[Start of section]

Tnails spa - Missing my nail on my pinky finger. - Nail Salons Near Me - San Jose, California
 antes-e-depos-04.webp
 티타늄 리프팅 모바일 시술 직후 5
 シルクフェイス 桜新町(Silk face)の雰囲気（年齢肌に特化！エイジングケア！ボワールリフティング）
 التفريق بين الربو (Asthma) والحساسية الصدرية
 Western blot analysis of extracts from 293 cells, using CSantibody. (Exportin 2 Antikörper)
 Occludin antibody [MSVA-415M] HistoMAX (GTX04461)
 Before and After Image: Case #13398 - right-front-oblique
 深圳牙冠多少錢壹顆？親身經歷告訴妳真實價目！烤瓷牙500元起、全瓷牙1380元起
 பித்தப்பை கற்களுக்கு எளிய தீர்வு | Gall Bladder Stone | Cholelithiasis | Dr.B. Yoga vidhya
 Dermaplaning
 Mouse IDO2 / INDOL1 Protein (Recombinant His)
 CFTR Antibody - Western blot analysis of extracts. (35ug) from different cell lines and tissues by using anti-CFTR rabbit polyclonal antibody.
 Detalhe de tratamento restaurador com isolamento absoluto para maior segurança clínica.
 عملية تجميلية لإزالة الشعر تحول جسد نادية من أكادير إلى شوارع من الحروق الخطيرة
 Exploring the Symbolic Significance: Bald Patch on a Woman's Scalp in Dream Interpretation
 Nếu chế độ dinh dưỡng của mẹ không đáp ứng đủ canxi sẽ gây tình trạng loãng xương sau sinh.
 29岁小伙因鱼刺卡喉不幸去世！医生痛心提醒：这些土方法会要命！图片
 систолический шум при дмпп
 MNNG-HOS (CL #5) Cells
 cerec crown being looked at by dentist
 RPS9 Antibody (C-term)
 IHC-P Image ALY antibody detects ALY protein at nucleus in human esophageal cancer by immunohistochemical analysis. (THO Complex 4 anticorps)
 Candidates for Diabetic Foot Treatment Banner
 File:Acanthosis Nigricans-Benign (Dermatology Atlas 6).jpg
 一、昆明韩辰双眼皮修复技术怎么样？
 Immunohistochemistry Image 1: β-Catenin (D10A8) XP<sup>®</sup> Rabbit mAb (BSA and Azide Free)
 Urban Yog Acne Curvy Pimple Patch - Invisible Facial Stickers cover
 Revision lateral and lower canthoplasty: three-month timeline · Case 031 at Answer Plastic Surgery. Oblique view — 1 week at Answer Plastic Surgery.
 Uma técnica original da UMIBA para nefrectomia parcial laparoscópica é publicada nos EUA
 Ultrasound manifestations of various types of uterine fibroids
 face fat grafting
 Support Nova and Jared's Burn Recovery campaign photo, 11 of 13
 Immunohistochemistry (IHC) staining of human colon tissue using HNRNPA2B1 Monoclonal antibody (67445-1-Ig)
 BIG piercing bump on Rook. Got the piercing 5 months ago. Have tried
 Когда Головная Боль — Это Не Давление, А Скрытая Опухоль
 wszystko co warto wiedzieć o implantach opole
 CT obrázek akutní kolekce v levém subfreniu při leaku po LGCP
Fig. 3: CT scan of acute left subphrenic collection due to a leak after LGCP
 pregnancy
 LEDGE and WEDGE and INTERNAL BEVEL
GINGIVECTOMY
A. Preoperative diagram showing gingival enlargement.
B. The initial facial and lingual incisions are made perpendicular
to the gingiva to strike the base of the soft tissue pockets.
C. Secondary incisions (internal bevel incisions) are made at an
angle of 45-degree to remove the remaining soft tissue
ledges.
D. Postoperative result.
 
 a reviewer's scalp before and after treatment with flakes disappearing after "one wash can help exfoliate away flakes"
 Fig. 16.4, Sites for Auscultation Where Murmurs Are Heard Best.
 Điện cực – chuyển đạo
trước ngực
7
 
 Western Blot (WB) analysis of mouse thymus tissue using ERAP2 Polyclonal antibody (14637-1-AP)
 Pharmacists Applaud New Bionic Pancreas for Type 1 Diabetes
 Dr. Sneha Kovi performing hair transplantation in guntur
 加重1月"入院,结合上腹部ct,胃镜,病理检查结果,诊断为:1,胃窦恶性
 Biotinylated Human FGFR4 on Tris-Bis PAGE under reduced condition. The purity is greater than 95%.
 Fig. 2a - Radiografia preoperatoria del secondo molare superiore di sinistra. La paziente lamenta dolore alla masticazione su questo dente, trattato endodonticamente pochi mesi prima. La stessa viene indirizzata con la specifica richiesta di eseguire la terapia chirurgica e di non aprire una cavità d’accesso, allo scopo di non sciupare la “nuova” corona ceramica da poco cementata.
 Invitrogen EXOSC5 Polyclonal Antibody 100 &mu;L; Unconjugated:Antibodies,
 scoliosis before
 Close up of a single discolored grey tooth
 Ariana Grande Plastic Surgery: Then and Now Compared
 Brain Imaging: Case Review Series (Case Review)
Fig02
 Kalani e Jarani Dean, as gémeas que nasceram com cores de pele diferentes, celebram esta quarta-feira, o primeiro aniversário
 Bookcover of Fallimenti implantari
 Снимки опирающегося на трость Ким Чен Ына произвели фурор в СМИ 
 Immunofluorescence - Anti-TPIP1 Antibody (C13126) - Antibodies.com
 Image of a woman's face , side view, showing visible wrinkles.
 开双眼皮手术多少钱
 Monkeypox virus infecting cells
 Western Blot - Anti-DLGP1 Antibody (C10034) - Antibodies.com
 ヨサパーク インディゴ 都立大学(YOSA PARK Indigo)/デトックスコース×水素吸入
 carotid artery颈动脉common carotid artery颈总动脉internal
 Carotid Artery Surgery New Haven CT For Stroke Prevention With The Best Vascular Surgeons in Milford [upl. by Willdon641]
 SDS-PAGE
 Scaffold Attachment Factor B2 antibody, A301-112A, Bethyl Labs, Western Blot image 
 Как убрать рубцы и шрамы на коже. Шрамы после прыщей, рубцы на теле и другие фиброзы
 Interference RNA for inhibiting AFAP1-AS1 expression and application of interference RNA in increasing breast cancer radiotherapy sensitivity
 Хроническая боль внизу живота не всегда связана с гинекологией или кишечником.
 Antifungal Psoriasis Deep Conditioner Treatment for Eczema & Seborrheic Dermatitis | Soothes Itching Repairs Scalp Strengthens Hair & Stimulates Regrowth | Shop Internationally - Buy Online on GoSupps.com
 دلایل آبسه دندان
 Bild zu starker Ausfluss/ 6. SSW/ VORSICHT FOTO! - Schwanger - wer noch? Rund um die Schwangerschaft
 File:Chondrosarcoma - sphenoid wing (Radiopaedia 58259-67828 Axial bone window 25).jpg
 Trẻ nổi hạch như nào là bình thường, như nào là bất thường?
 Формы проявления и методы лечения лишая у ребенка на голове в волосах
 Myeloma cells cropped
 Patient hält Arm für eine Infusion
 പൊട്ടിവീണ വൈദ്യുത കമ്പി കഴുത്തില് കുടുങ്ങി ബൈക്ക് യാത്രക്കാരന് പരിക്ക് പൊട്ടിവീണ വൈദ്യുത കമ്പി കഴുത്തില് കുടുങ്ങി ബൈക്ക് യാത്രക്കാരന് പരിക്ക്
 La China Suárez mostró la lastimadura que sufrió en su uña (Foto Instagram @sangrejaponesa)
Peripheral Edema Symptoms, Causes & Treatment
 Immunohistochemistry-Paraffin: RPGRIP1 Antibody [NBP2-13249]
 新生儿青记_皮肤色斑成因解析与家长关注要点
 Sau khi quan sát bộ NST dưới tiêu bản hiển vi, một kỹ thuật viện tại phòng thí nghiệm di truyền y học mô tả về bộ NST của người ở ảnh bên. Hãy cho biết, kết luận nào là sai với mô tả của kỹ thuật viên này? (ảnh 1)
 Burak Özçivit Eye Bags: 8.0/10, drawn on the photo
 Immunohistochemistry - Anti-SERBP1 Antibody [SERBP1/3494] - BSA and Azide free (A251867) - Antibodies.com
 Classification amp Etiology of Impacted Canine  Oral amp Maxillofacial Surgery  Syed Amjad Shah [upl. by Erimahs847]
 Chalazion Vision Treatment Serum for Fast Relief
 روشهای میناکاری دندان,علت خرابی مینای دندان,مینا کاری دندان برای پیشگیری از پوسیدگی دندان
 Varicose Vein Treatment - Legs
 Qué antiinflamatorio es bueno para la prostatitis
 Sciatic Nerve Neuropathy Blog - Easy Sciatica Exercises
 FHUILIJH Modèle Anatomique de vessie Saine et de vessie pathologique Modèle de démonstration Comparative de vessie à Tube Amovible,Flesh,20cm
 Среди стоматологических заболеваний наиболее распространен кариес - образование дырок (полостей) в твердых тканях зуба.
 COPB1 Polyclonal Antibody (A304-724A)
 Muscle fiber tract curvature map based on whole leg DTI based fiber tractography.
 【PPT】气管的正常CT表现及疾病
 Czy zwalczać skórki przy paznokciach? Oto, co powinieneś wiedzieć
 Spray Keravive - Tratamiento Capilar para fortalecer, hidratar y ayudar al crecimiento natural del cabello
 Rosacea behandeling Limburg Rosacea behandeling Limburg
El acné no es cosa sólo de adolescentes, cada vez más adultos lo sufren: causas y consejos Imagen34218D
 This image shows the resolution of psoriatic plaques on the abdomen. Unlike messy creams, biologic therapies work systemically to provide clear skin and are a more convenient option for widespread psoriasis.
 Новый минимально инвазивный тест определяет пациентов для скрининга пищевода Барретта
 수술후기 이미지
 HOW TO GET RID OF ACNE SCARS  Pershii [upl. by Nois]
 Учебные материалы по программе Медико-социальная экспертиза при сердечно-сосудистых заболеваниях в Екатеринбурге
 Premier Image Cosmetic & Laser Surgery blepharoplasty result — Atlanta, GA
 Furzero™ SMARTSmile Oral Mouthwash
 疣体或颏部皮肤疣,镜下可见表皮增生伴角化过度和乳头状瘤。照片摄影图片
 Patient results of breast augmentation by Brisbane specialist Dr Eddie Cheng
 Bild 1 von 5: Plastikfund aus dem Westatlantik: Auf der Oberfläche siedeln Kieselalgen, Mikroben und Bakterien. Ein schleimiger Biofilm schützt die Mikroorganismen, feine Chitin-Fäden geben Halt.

[End of section]

### WORK INSTRUCTIONS
When the entries above show the word "Surgery" in a line, copy that line out.

### WRITTEN ANSWER
 Revision lateral and lower canthoplasty: three-month timeline · Case 031 at Answer Plastic Surgery. Oblique view — 1 week at Answer Plastic Surgery.
 Ariana Grande Plastic Surgery: Then and Now Compared
 Carotid Artery Surgery New Haven CT For Stroke Prevention With The Best Vascular Surgeons in Milford [upl. by Willdon641]
 Classification amp Etiology of Impacted Canine  Oral amp Maxillofacial Surgery  Syed Amjad Shah [upl. by Erimahs847]
 Premier Image Cosmetic & Laser Surgery blepharoplasty result — Atlanta, GA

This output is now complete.